Key factors controlling deep Carboniferous volcanic reservoirs in the east slope of Mahu Sag, Junggar Basin, NW China

Abstract

Considering the complex factors controlling volcanic reservoirs, the Carboniferous strata in the eastern slope area of the Mahu Sag (ESMS) in the northwestern Junggar Basin (NJB) were investigated using rock cores, thin sections, scanning electron microscope (SEM), physical properties, major elements, X-ray fluorescence (XRF), well logging, and seismic data. The volcanic rocks revealed by drilling are mostly weathering crust reservoirs (WCRs), the formation of which in and around the study area is significantly controlled by weathering and leaching (WL). Most types of volcanic rock can be improved by long-term weathering. Favorable reservoirs in the ESMS are often developed within 150 m below the tectonic unconformity boundary at the top of the Carboniferous.
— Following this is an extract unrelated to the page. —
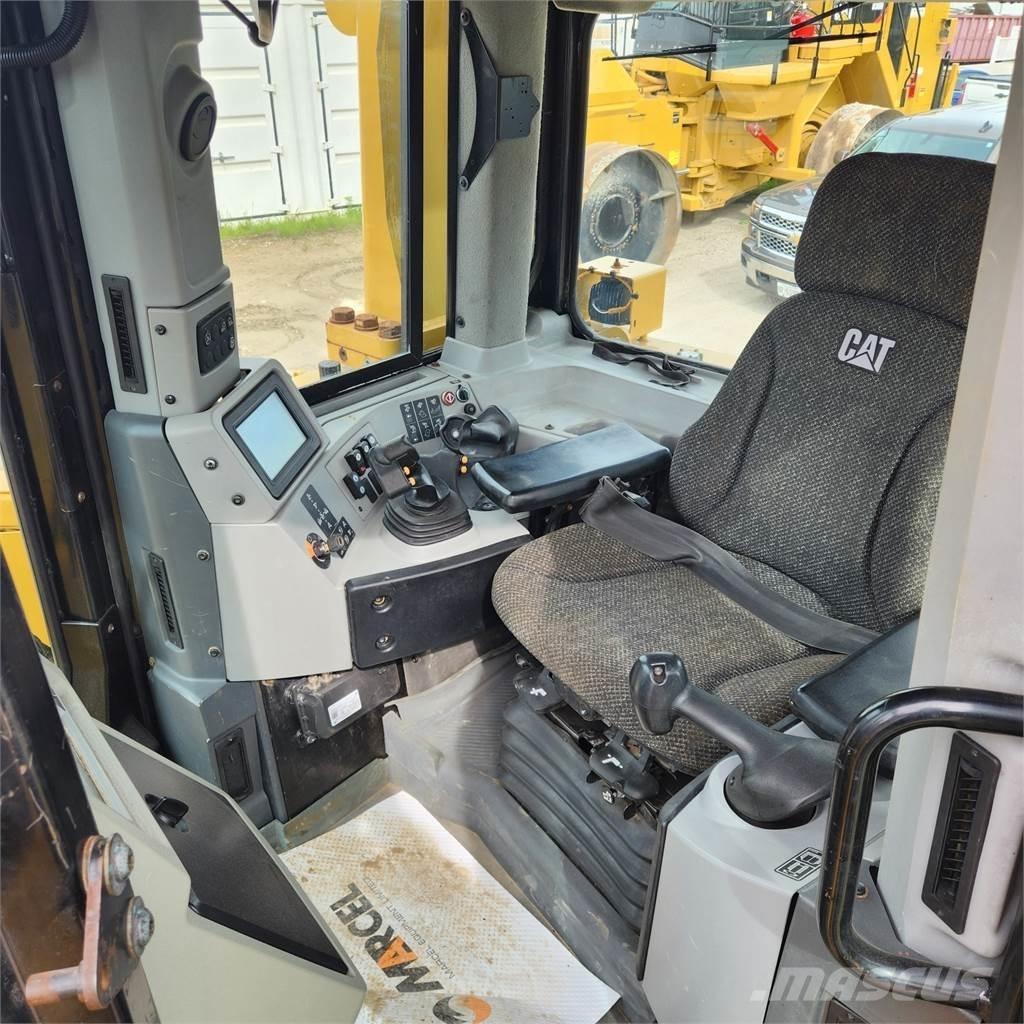 CAT D8T LGP ブルドーザー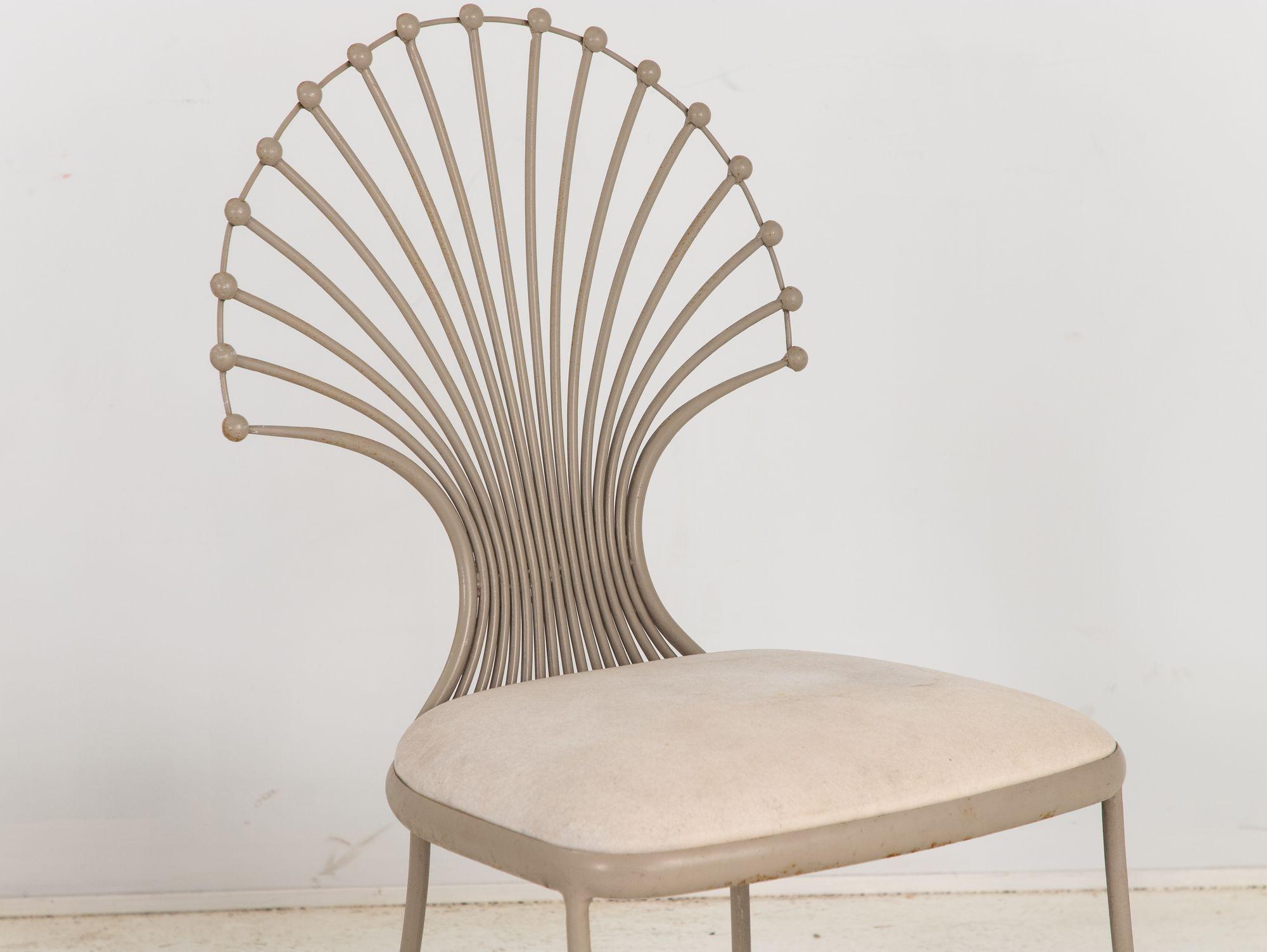 Beistellstühle mit Pfauen- oder Weizengarbenblattmotiv, grau lackiertes Aluminium, Paar im Angebot 2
The longer the weathering duration, the better are the overall quality of the WCRs. Weathering duration of about 40 Ma is probably an important threshold in the NJB. Ultra-long leaching of atmospheric water and strong late dissolution of acidic fluids before oil and gas accumulations are important for reservoir development and petroleum accumulation in volcanic strata filled with authigenic minerals, especially calcite. The early regional tectonic movement affected the volcanic eruption and controlled the lithofacies distribution. The linear density of fractures was negatively correlated with the distance from the main controlling fault. Owing to the relatively weak filling, high-angle fractures contribute significantly to the reservoir permeability. The physical properties of volcanic breccia are better than those of tuff, and the porosity, permeability, and fracture density of andesite are higher than those of basalt. The physical properties of near-source facies belts of a volcanic edifice are better than those of far-source facies ones. Favorable exploration areas are the structural highs and fault zones where the duration of WL is more than 40 Ma, explosive facies and effusive facies near the crater are developed, or the inherited ancient buried hills transformed by faults and fractures near excellent source rocks, where the dissolution of atmospheric water and organic acidic fluids are strong.